Ross In the Tall Grass


Unsurprisingly, the ending of In The Tall Grass factored into many responses to the 2019 movie, both positive and negative. It’s unfortunate, but In The Tall Grass didn’t fare that well with critics when it released, as evidenced by its 36% critical score on Rotten Tomatoes. Given that its audience score sits even lower at 33%, it’s clear many viewers also didn’t enjoy director Vincenzo Natali’s adaptation of the Stephen King and Joe Hill story.

The ending is cited in many of the negative In The Tall Grass reviews. Writing for Cosmopolitan, Hannah Chambers felt that the final moments of In The Tall Grass weren’t a worthwhile payoff for the tense atmosphere of the rest of the film:

It’s an extremely anticlimactic ending for a movie that has you stressed out for an hour and 40 minutes. Basically,
In the Tall Grass
is the movie equivalent of jogging at a solid pace for a long time and then just, like…stopping.


Other critics felt that, while In The Tall Grass made an admirable attempt to weave plenty of thematic depth into its story and ending, this led to the horror film being convoluted and losing any tangible message.
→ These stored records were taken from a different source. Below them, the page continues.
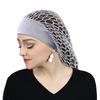 Women Ladies Hair Net Stretchy Wide Band Mesh Hair Net Wig Tools Soft Rayon Breathable Crochet Hairnets  Accessories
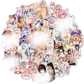 200 pcs Lewd Anime stickers | 200Pcs - Anime hot Stickers | Anime kawai Stickers | for Laptop ,Mobile, Luggage ,Car Sticker.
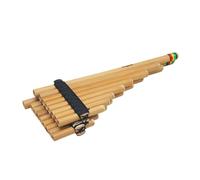 Flauta De Pan Instrumentos Musicales Folclóricos Para Adultos De 23 Notas 19 13 Una Sola Y Dos Filas Grado(Grade 1 double-row 17-pipe G major)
Gabriella Gaisenger, writing for Digital Spy in 2019, sums up the confusion felt by many critics and viewers when it came to the meaning of In The Tall Grass:

And the grass. Oh boy, that grass. It’s hard to say what it actually means. Nuanced, multi-layered metaphor, or supernatural, bloodthirsty lawn?

However, not all the responses to In The Tall Grass were negative. There were many who enjoyed the horror movie. What’s more, since this was helped by several of the shocking moments that took place during the climax, it’s safe to say the ending of In The Tall Grass was integral to winning over fans when it comes to its divisive, perhaps over ambiguous, plot.